**What is required**.
Only the lines from the one that contains "The Xanadu Two" to the last line below, both included, should be transcribed. Pictures stay out of the copy.

**Material provided**.
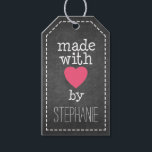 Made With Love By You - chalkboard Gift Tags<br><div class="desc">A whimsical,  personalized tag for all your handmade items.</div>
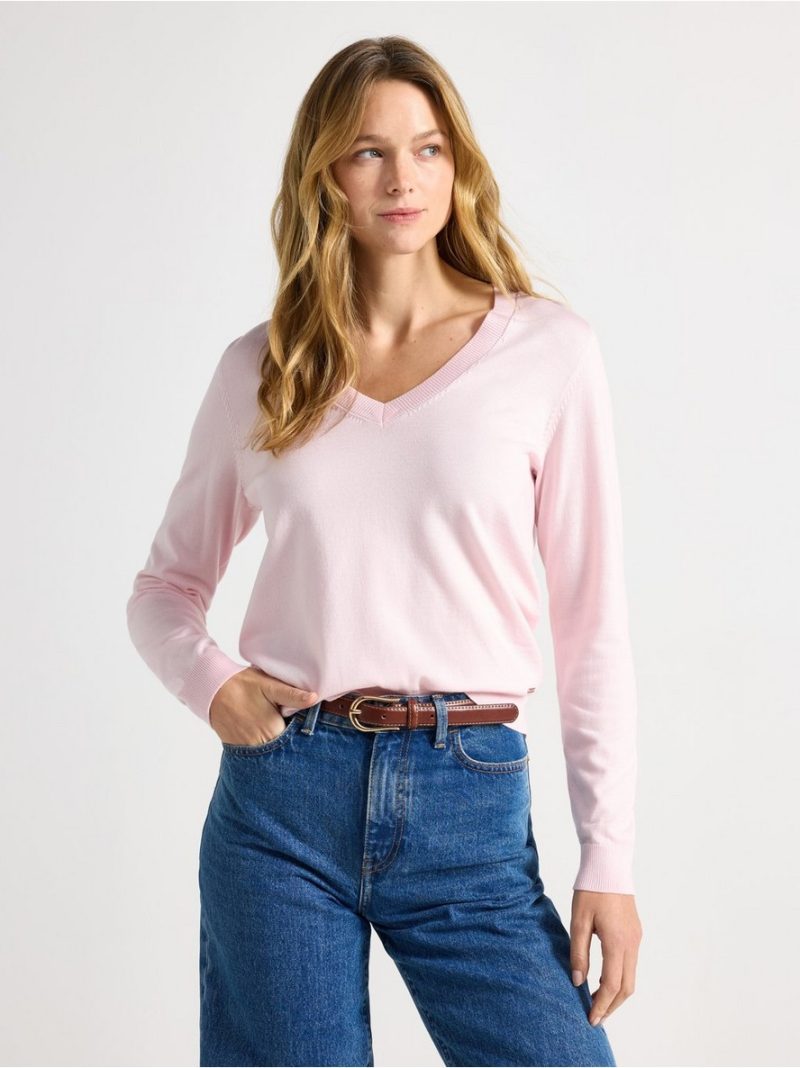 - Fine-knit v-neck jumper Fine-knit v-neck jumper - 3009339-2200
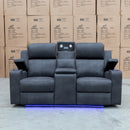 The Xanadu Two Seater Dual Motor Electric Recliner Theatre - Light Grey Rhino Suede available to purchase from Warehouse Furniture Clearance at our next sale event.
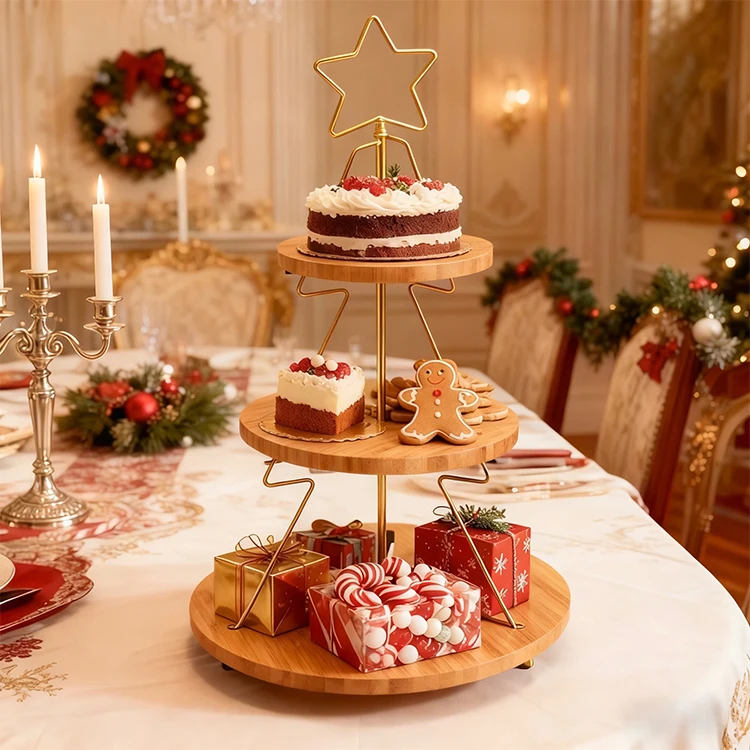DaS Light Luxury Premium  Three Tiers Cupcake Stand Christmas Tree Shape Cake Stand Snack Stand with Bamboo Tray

**Reply**.
 The Xanadu Two Seater Dual Motor Electric Recliner Theatre - Light Grey Rhino Suede available to purchase from Warehouse Furniture Clearance at our next sale event.
DaS Light Luxury Premium  Three Tiers Cupcake Stand Christmas Tree Shape Cake Stand Snack Stand with Bamboo Tray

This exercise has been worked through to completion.